Retype the listing exactly. Leave out the images.

• **INFORMATION PROVIDED**
—————
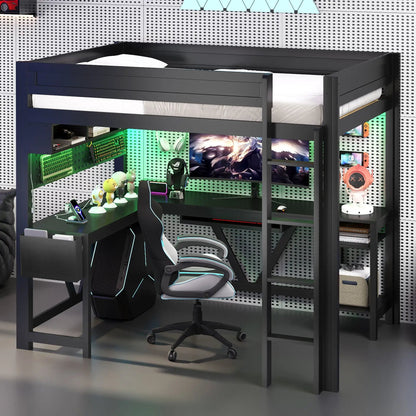 Gaming Loft Bed with Desk and LED Lighting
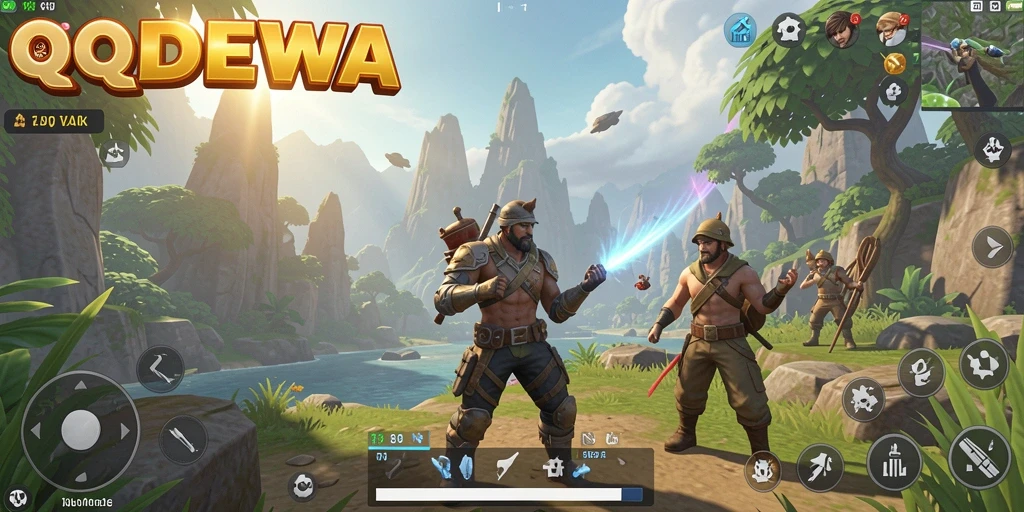 Screenshot gameplay menunjukkan dunia terbuka yang luas dan indah dalam QQDEWA.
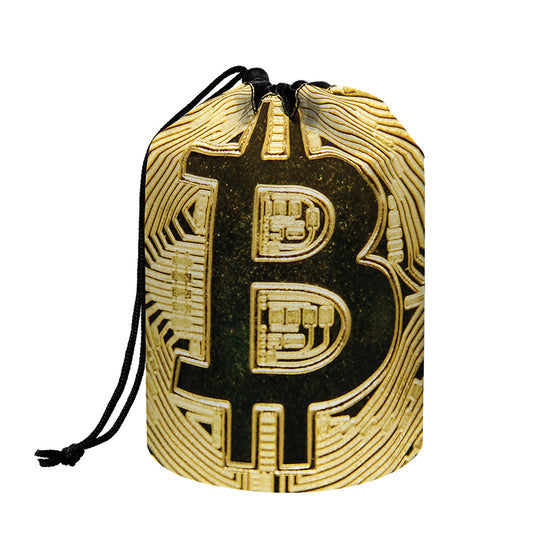Gold Bitcoin Symbol Print Drawstring Makeup Bag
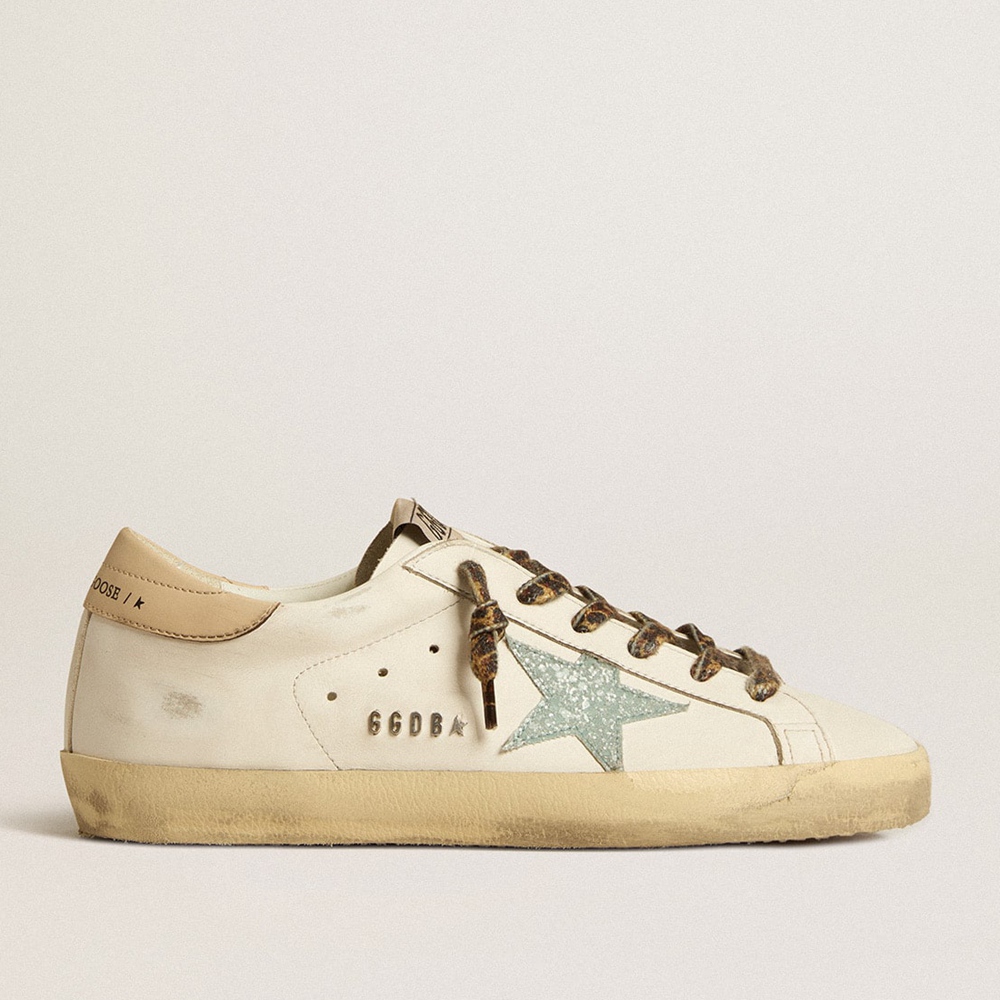 Golden Goose Super-Star Sneakers With Gray Glitter Star And Nude Leather Heel Tab GWF00101.F005128.11650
—————
• **SOLUTION**
 Gaming Loft Bed with Desk and LED Lighting
 Screenshot gameplay menunjukkan dunia terbuka yang luas dan indah dalam QQDEWA.
Gold Bitcoin Symbol Print Drawstring Makeup Bag
 Golden Goose Super-Star Sneakers With Gray Glitter Star And Nude Leather Heel Tab GWF00101.F005128.11650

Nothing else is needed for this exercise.